In my last post, I wrote about the advantages of discovering a new city without a map. However, there’s an obvious downside to it: most of the time, you don’t know whether you’re headed in the right direction, until you actually reach your destination!
(Read the previous post of the Prague series, about Wenceslas Square)
When we set out for our first walk in the centre of Prague, my partner and I decided to reach Old Town Square from Wenceslas Square. As it often happens to map-less tourists, we took a longer route than we should have: the detour allowed us to explore Republic Square and its surroundings, before another wild guess directed us back to the Old Town. By then, it was seven in the evening: while we were expecting a lively city centre to unfold at every corner, all we saw was an array of closed shops and empty streets. We couldn’t help but wonder: is this really it?
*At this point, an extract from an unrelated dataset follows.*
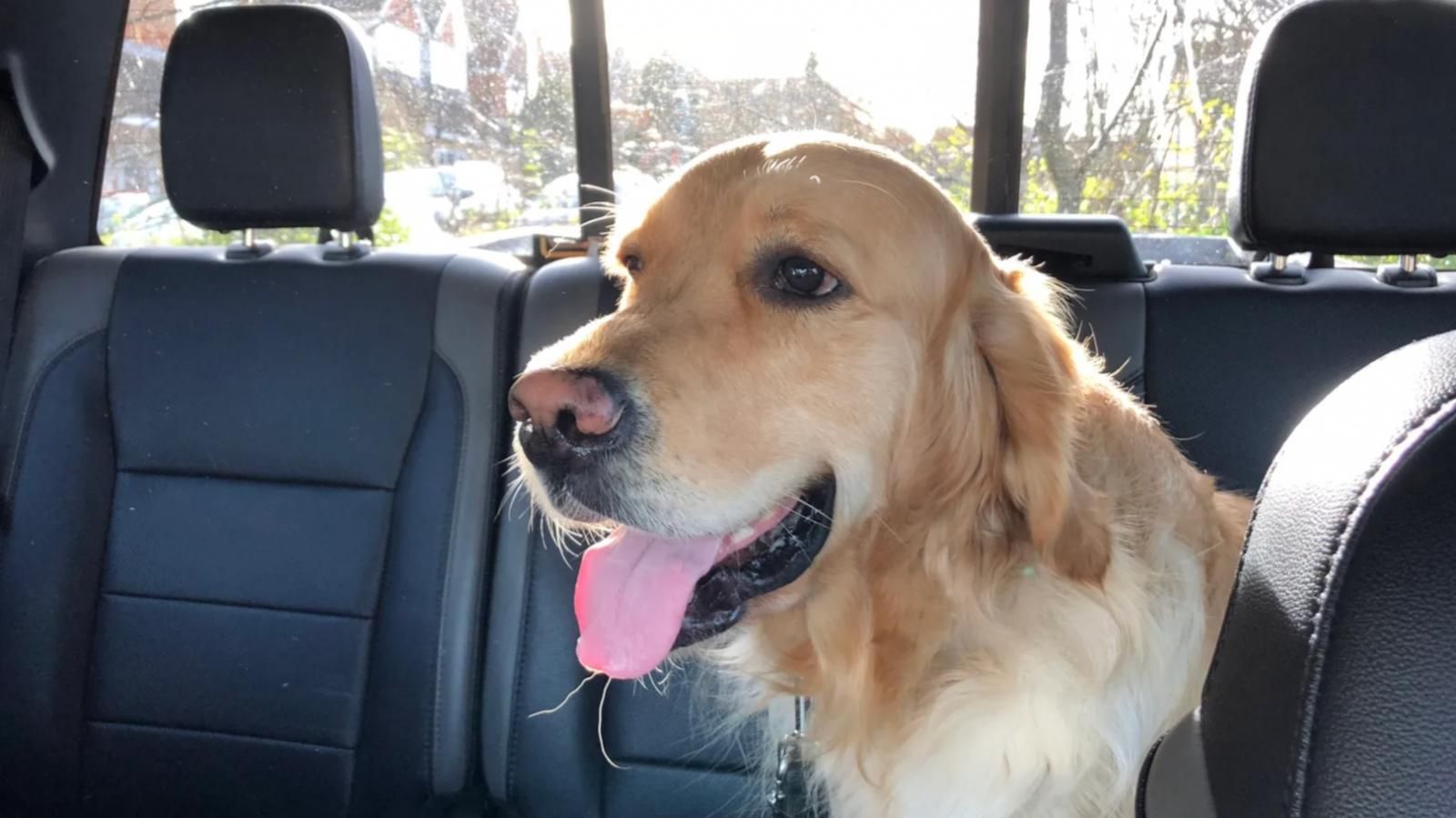 cane su sedile posteriore auto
Of course, it wasn’t – and I should have known better. All the Eastern European towns and cities I visited shut down after six or seven in the evening. Those without a touristic hub can leave you stranded, wondering where all the people have disappeared, and how they fill their evenings after their earlier-than-early dinners. Fortunately, this is not the case of Prague: the empty alleys we were treading were really just a few steps away from Old Town Square, with its busy souvenir shops, restaurant marquees, and food stalls selling typical fares.
Prague’s magic struck me again when we arrived at the Powder Gate, which marks the entrance to the Old Town. Looking at the church of Our Lady before Tyn, with its two towers outlined against the dark, foggy sky, I felt like in a fairytale: one where the hero wanders around for days, and finally reaches the enchanted castle after dusk, heading for a well-deserved night of rest after his many vicissitudes around the world.
We stopped by in Old Town Square many times during the following days, and realised that its charm is not just a nighttime illusion. The Square is stunning by daylight, with the two towers of Our Lady before Tyn outlined against the blue spring sky – and it’s equally beautiful when the sky is grey. Not something you’ll hear me say very often!
While exploring Old Town Square, we ran across many of the characters that usually gather where tourists are. Even so, the contrast with other European capitals couldn’t be more evident: as I had already noted in Wenceslas Square, I noticed an unusual composure in Old Town Square’s crowds, which had nothing to do with the joyous chaos of Barcelona’s Rambla, or the loud masses of London’s Leicester Square. We weren’t approached by any pushy restaurant owners looking for business, or street pedlars selling overpriced event tickets and plastic toys. Instead, we encountered a diverse crowd of street performers, engaging with passers-by in a playful way.
The surroundings are as charming as Old Town Square itself. The iconic Charles Bridge is a short walk away heading West, leading to Malá Strana (“The Lesser Town”), perched on the steep, tiny streets that lead to Prague Castle.
Prague’s Jewish Quarter, Josefov, flanks the North side of Old Town Square. At first, I was somewhat surprised by its rows of austere, elegant buildings: they didn’t seem to match anything I had read about the tragic history of Prague’s Old Ghetto. I couldn’t picture any wrongdoing or oppression happening in the posh-looking streets around the Spanish and Old New Synagogues; not where the luxurious shop fronts of Parizska and the neat cafes of Dlouha currently stand. I thought of this as further proof of Prague’s ability to conceal all evidence: something we had already noticed with regards to the Communist era and the Prague Spring, of which we saw little but a few leaflets pointing us towards the Museum of Communism (located above a McDonald’s. Oh, the irony!).
I had spoken too soon, and Prague surprised me once again. As we walked down the passage of Kozi, the refined facades and wide streets gradually gave way to shabbier buildings and unkempt, narrow alleys. On the walls, murals from today, and remnants of signs from a long-gone past.
Much more than the surrounding streets, this setting reminded me of the familiar sights of Rome and Venice’s Old Ghettos, and inspired me very similar sensations. The feeling that history goes beyond a few words printed on a textbook, or a travel guide’s glossy page; the consciousness that it has really happened; and finally, what every traveller longs for: the fascination of seeing for yourself.